_The problem_
Give back, unaltered, the lines from the one with "Z Natural Foods" to the end of the material, omitting pictures.

_Given information_
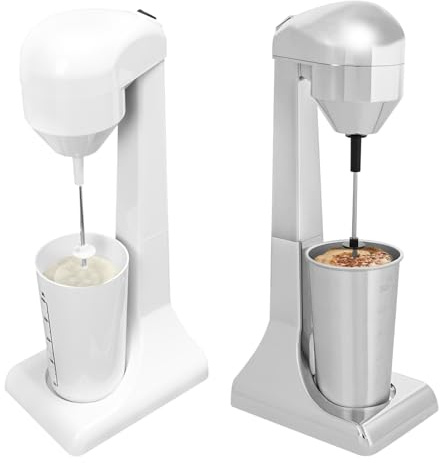 Milchshake Mixer, Getränkemixer, 22000rpm, 2 Geschwindigkeitsstufen Elektrischer Standmixer Becher 500ml für Protein-Shakes und Mixing Cocktai 100-Watt-Motor aus Reinem Kupfer (Silber)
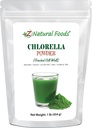 Z Natural Foods Chlorella Powder, Cracked Cell Wall Plant Protein, Blue Green Algae Superfood Powder, Perfekt til smoothies, Drinks, Opskrifter, Raw, Non GMO, Gluten Free, Vegan, 1 LB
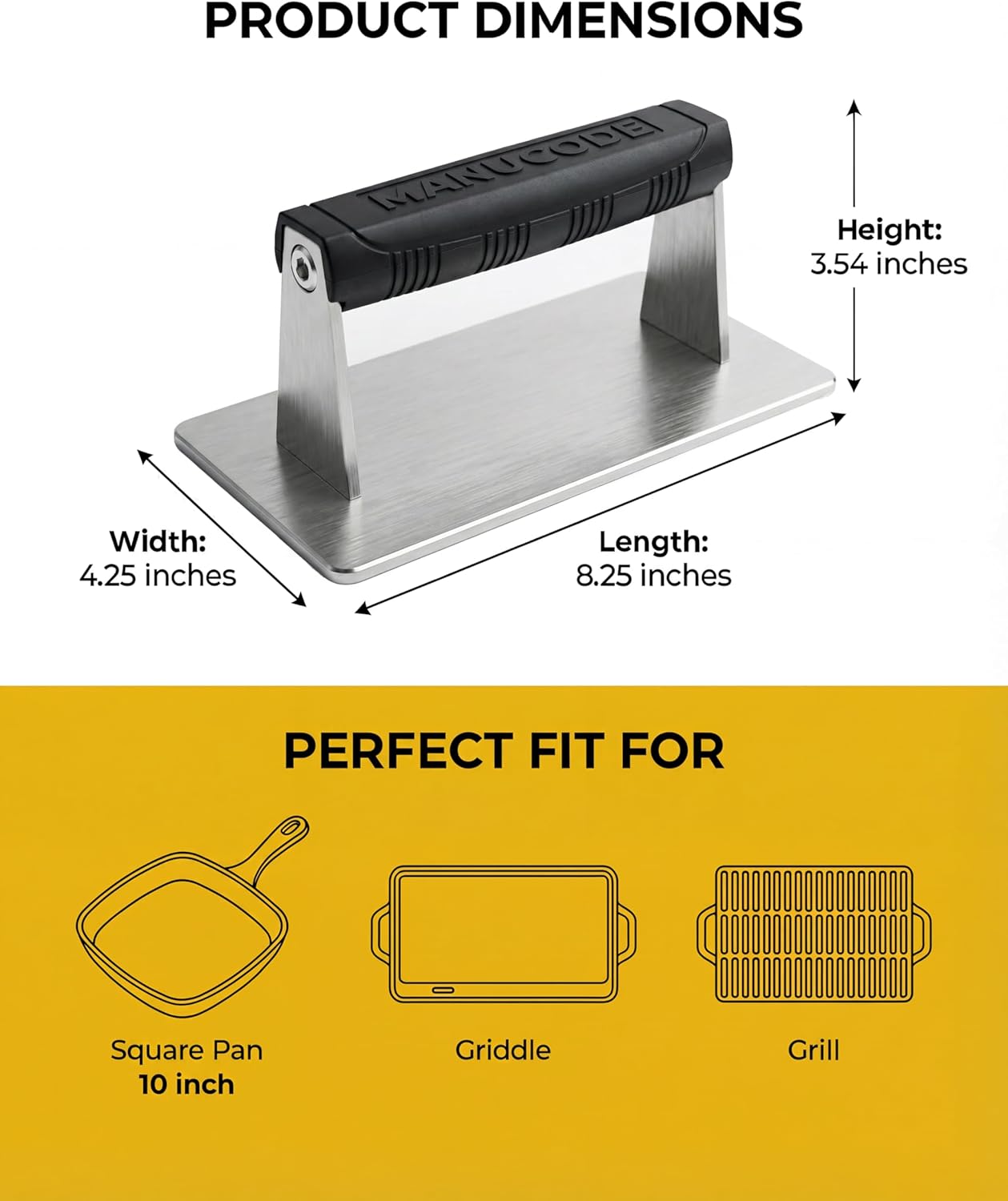 Stainless Steel Burger Smasher 2.50 LB – 8x4.25 Inch Steak Weight for Smash Burgers, Bacon, Sandwiches | Dishwasher Safe, Preheatable Protein Press with Silicone Handle | Commercial BBQ Tool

_Answer box_
 Z Natural Foods Chlorella Powder, Cracked Cell Wall Plant Protein, Blue Green Algae Superfood Powder, Perfekt til smoothies, Drinks, Opskrifter, Raw, Non GMO, Gluten Free, Vegan, 1 LB
 Stainless Steel Burger Smasher 2.50 LB – 8x4.25 Inch Steak Weight for Smash Burgers, Bacon, Sandwiches | Dishwasher Safe, Preheatable Protein Press with Silicone Handle | Commercial BBQ Tool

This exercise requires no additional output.